Minutes of the last Reserve Bank Board meeting were released. The Board kept the cash rate unchanged at a record low 1.5 per cent on March 5 and said “members agreed that there was not a strong case for a near-term adjustment in monetary policy.

Rather, they assessed that it would be appropriate to hold the cash rate steady while new information became available that could help resolve the current tensions in the domestic economic data.” 

Home price data is important for retailers, especially those focused on consumer durables. The consumer confidence figures have implications for retailers, and other consumer-focused businesses. The Reserve Bank Board minutes provides guidance on interest rate settings.

What does it all mean?

The Reserve Bank released its monetary policy Board minutes today.

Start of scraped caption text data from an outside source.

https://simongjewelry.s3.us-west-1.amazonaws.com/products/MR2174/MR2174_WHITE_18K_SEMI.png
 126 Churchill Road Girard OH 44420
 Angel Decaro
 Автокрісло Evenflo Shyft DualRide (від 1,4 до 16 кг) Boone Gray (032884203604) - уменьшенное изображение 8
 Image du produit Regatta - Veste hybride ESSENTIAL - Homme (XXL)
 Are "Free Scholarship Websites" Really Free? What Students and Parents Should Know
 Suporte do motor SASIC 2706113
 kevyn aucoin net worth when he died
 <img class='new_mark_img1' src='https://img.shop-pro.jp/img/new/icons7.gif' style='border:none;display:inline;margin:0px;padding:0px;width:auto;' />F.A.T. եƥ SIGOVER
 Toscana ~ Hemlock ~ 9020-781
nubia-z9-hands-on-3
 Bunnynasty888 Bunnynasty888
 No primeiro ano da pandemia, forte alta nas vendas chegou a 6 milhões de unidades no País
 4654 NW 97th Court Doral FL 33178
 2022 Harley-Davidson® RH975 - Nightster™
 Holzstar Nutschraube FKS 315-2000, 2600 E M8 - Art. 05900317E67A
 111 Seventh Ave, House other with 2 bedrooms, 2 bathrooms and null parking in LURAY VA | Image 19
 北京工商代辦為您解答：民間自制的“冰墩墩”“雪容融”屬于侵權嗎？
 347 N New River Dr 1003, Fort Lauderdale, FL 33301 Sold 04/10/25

Its neutral stance was retained with policymakers again highlighting tensions between softening economic activity and the solid labour market, with ongoing jobs market strength considered “particularly important” to its outlook. 

But the Board’s resolve continues to be tested by the property downturn, noting that “dwelling investment was expected to subtract from growth in output…. this decline could be sharper than currently expected.” In particular, policymakers appear particularly concerned about the spillover effect of falling property prices on household spending.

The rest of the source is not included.